[music] paused
| 100%
0:00 0:00
Music For Programming — musicforprogramming.net (not affiliated).
[subscribe]

Learn Rust Closures By Building a Tiny Rule-Based Linter

Read this series in order: learning-rust

  1. Learn Rust Basics By Building a Brainfuck Interpreter
  2. Learn Rust Ownership and Borrowing By Building Mini Grep
  3. Build a JSON Parser in Rust from Scratch
  4. Learn Error Handling in Rust By Building a TOML Config Parser
  5. Learn Rust Generics and Traits By Building a Mini Blackjack Game
  6. Learn Rust Lifetimes by Building a Generic LRU Cache
  7. Learn Rust HashMap and Iterators by Building a Git Object Store Reader
  8. Learn Rust Closures By Building a Tiny Rule-Based Linter (current)
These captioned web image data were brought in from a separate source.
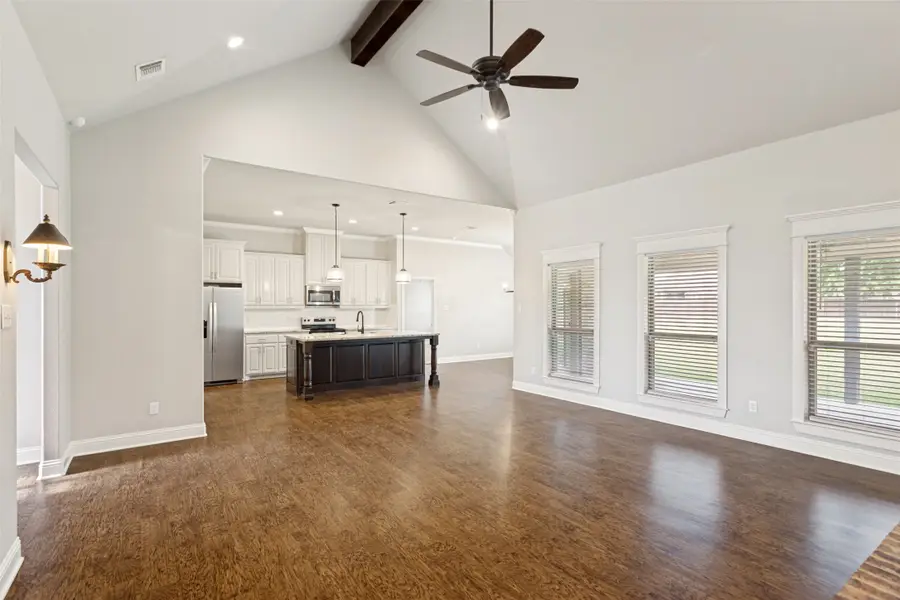 118 Treys Way, Godley, TX 76044 - #3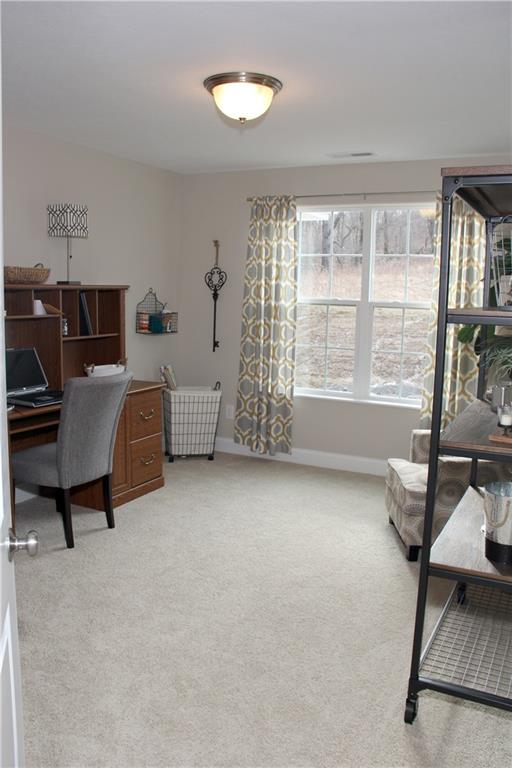 384 Saddlebrook Road, Unit LOT 23D) Gibsonia, PA 15044 - Photo 14 of 20 Gallery Image 14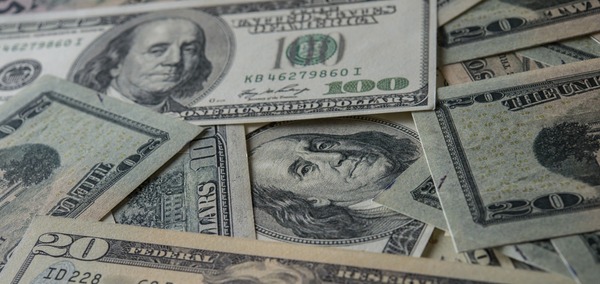 ¿Qué impulsa a Suramérica a liderar el crecimiento de remesas en 2024? - MarketData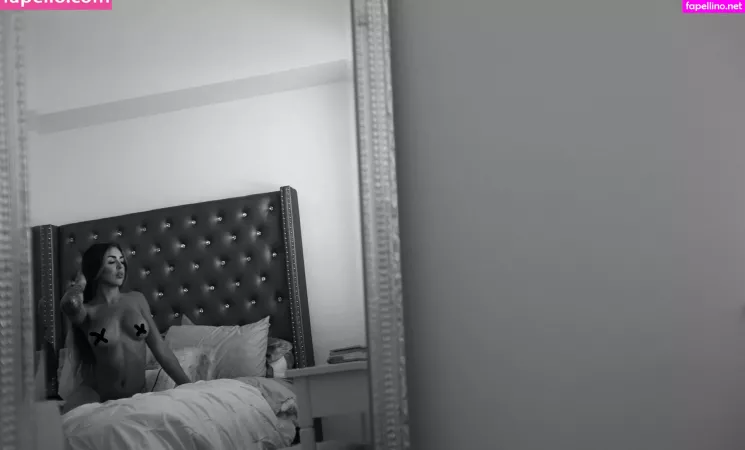 Cicibanks OnlyFans Thumbnail #JFUl1x126a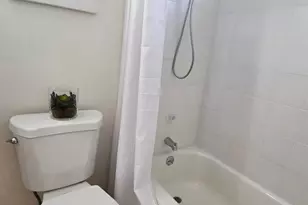 1552 Orchard Ave, San Leandro, CA 94577 - Photo 15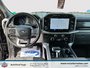 2024 Ford F-150 Lightning XLT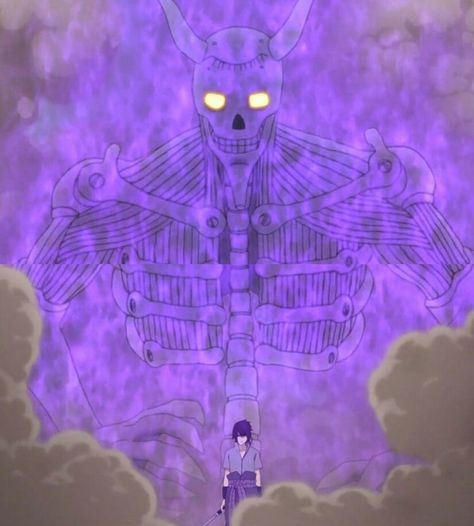 Naruto Purple, Naruto Widgets, Sasuke Susanoo, Sasuke Pfp, Hypebeast Iphone Wallpaper, Sasuke Uchiha Sharingan, Susanoo Naruto, Symbiotes Marvel, Bleach Anime Ichigo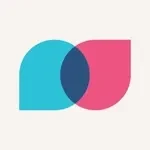 Tandem app icon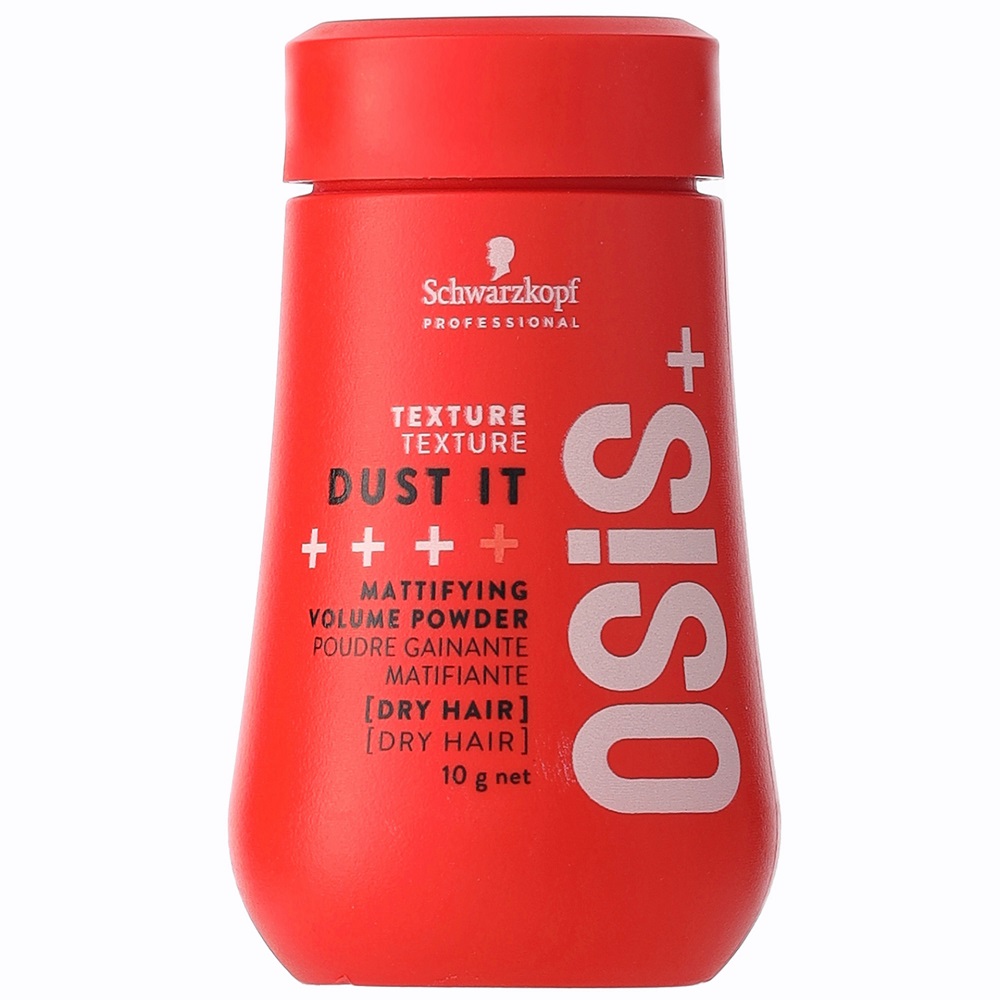 Osis+ Tekstura 3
In this post, we are going to learn about closures and functional patterns in Rust. Once we cover all the concepts, we will build a Tiny Rule-based Text Linter where lint rules are closures stored in a Vec<Box<dyn Fn>>, pass behaviour as values, and auto-fix code. I'm really excited for this project and I hope you are too. I won't go too deep in theory, just practical and we will build our knowledge of these concepts over time with more articles.

The only prerequisite is that you have read the previous articles in this series, as I will assume you know ownership, borrowing, structs, enums, pattern matching, error handling, generics, traits, and lifetimes.

Get the source code here

What is Box<T>

Before we talk about closures, we need to understand Box<T>. You saw Box briefly in the JSON parser when we talked about recursive enums. Let me explain it properly now.

A Box<T> is a heap-allocated value. When you write let x = Box::new(42), Rust allocates space for 42 on the heap and stores a pointer to it on the stack. The Box owns the value, when the Box is dropped, the heap memory is freed.

let x = Box::new(42);
println!("{}", x); // 42

Box::new(42) allocates 42 on the heap and returns a Box<i32> that owns it. You can use x just like a regular i32. Rust dereferences it automatically when you access it. This is called "deref coercion."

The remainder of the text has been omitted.